Friday, March 03, 2006

Berezovsky - Coup de Grâce for Coup d'État?

On Thursday, BBC reports that Russian authorities demand the extradition of exiled Russian tycoon Boris Berezovsky on charges of an attempted coup d'état. How Berezovsky would overthrow the Putin regime is still obscure, but the affair adds to the already tense relations between Moscow and London. It may also be a Kremlin attempt to muzzle Berezovsky, who paradoxically has turned into a leading supporter of the Russian oppostition and pro-democracy movement.

Russian allegations might be prompted by an Ekho Moskvy interview with Berezovsky on 25 January. In the interview, the ex-oligarch said that Putin's "regime has lost all legitimacy" and that the president is "leading Russia into the abyss". Putin is "violating the constitution and, today, any forceful actions by the opposition will be justified". "That includes a forceful seizure of power, and that's what I've been working on," Berezovsky reportedly said.

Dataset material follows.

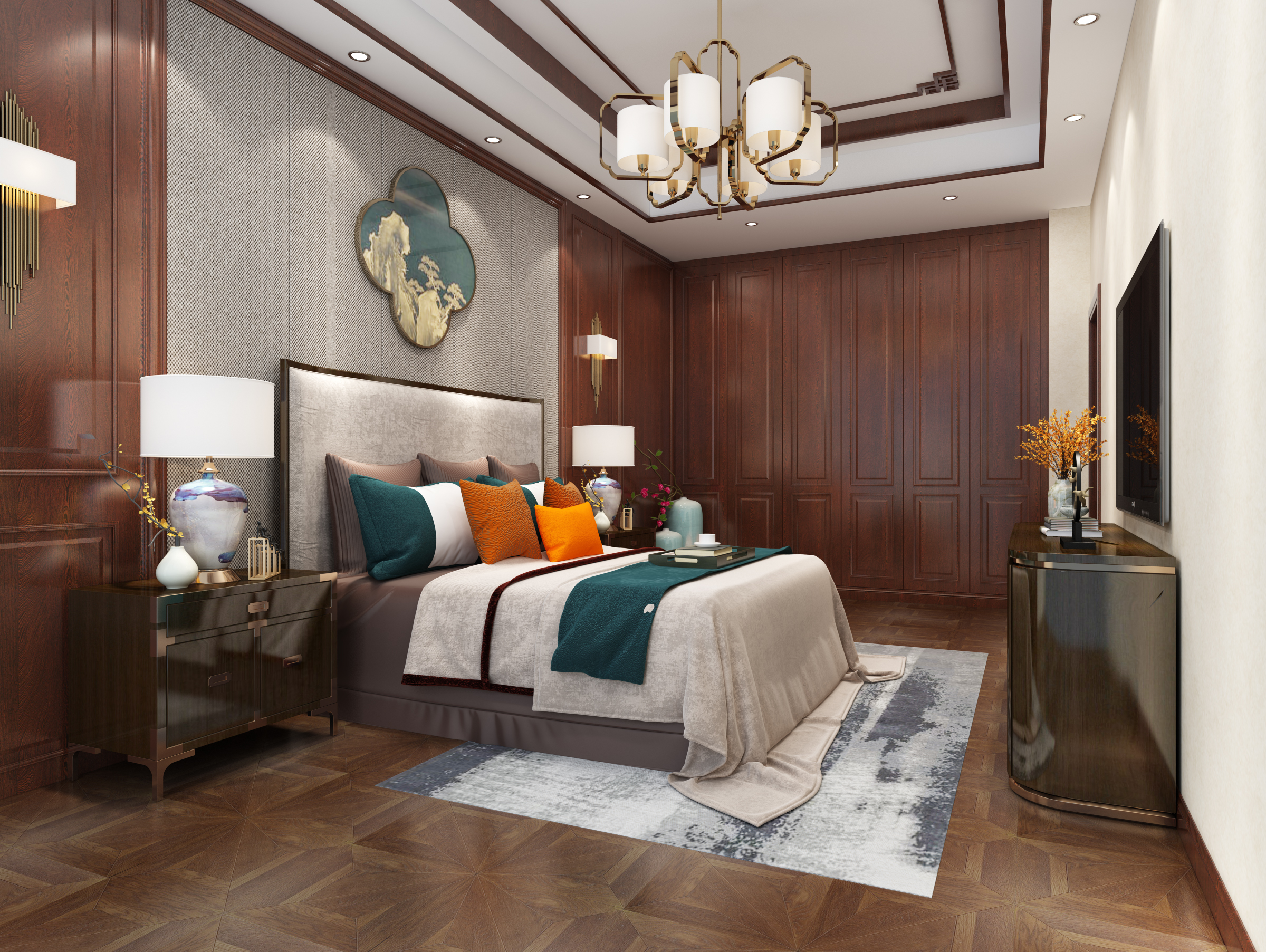 翠漾花岸650平中式风格别墅装修案例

In an attempt to mend UK-Russian relations, British Foreign Secretary Jack Straw declared that Berezovsky could lose his political asylum in Britain. Straw also declared that the government would "take action against those who use the UK as a base from which to foment violent disorder or terrorism in other countries". This adds to Berezovsky's already precarious position in Britain. Only a few years back, Russia demanded his extradiction on fraud charges - a demand not granted by the Britons.

There is little doubt that Berezovsky might orchester the overthrow of Putin, if he had the means and the opportunity to. However, as it is glaringly obvious that he lacks this, Russian allegations seem utterly ridiculous. The image of dark forces abroad has little similarity with reality. Reflecting on Berezovsky as the mastermind to oust Putin and gain power in the Kremlin, one comes to think of Trotsky. Exiled and isolated, Trotsky's mere existence posed a threat to the soviet regime and the - by then - faltered revolution. Is it the same with Berezovsky? Does he know too much about Putin's road to power and eventually must be silenced? It is a well-known fact in Moscow that Berezovsky was one of the people who put Putin in the Kremlin in the first place, which adds a certain flavour to current charges. That he also became one of the first oligarchs that Putin turned on once in power, might have come as a surprise, if not knowing the intricacies of Kremlin palace policies. As an effect, Berezovsky went into self-imposed exile in 2000. A malicious question might well be which coup d'état Berezovsky now is charged for: The successful that brought Putin into power or the current coup-cuckoo?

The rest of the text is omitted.